The Hungarian psychologist Mihaly Csikszentmihalyi, in his book ‘Flow – the classic work on how to achieve happiness‘, outlines the type of experiences which can create happiness. He talks about surgeons, rock climbers, athletes and chess players being focused on challenging activities with such an intensity that time is distorted and they forget their worries and concerns. He explains that flow is more common at work than during our leisure time yet, paradoxically, we think we would be happier doing nothing than working.
According to Csikszentmihalyi, a flow experience has the following characteristics:
- A challenging activity that requires skills
- Concentration on the task at hand
- Clear goals
- Clear feedback
- Awareness merges with action
- Sense of control
- Loss of self-consciousness
- Sense of time is altered
All of this suggests that we have to work for our happiness. If we can find a hobby which provides the right opportunities, or we can focus on tasks at work to such an extent that our mind is quiet and the above criteria are satisfied, then we can make ourselves happy. Certainly, there is a difficulty associated with flow tasks, but success is most definitely within reach.
So why not work on ourselves?

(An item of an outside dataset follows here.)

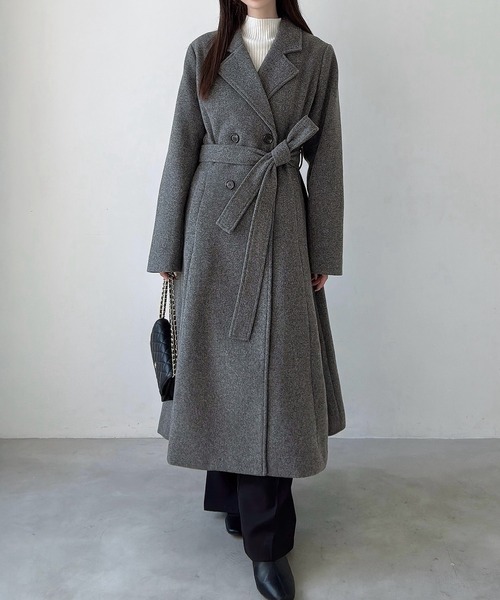 新品未使用✨️DES PRÉS ウールダブルボタン ロングコート 40 Meiru コート チェスターコート ダブルボタンフレアロングチェスター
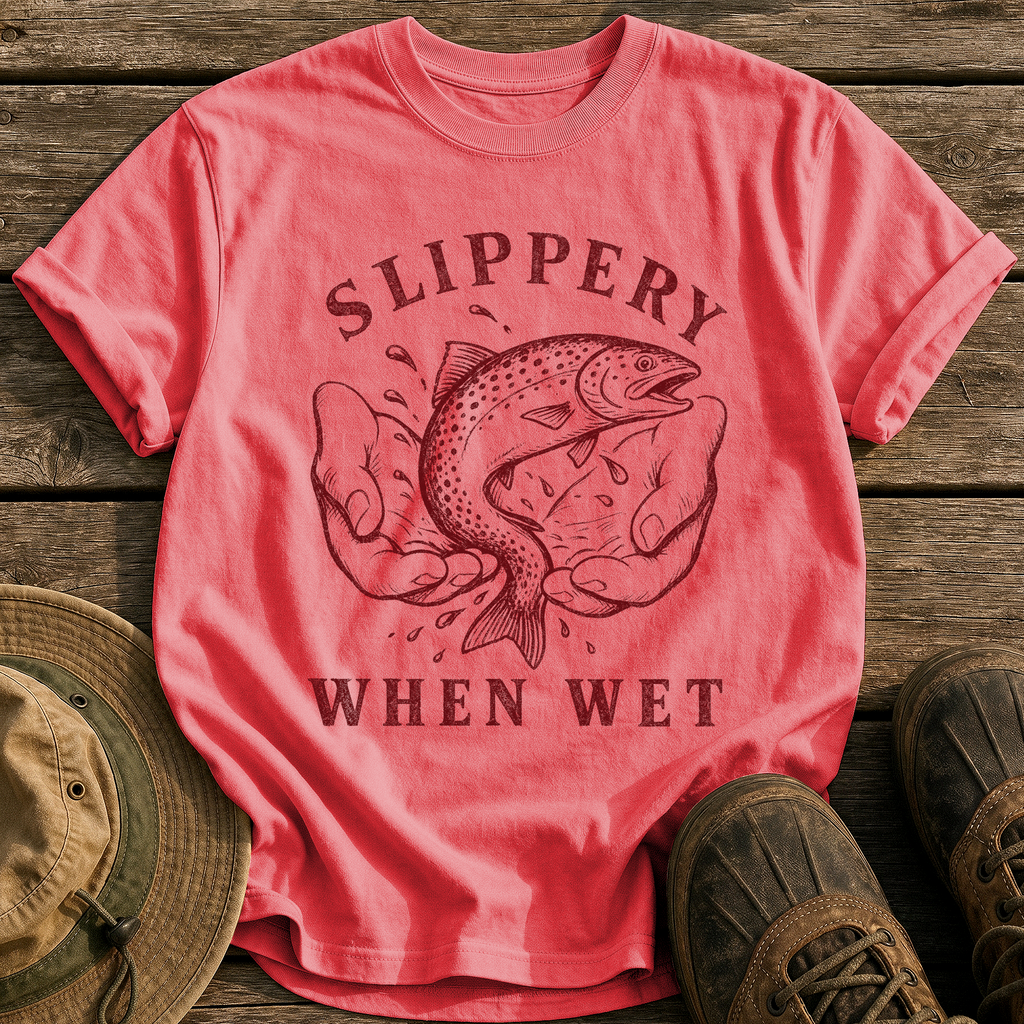 Slippery When Wet tee - Watermelon - front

It may not involve the intense periods of focus felt by a painter, a computer programmer or a gymnast. Indeed, there is a difference in the timescales involved. Csikszentmihalyi’s examples are measured in seconds, minutes and hours. Personal growth is measured in weeks, months and years. But there is something of each of the above eight elements in the work we do on ourselves.
What at first seems like a daunting task, is well within our capabilities. We set our goals and receive feedback from our environment, our own feelings and from people we trust. Eventually our awareness becomes second nature, we have more control over ourselves and our interactions, and gradually become less self-conscious. And, during those scattered episodes where everything just falls into place and it all makes sense, we do lose track of time.
Reflect on who you are. You will find beauty. And you will undoubtedly find something to work on, which may leave you feeling downhearted. If it does, know that, irrespective of the outcome, the mere act of working on yourself can make you happy.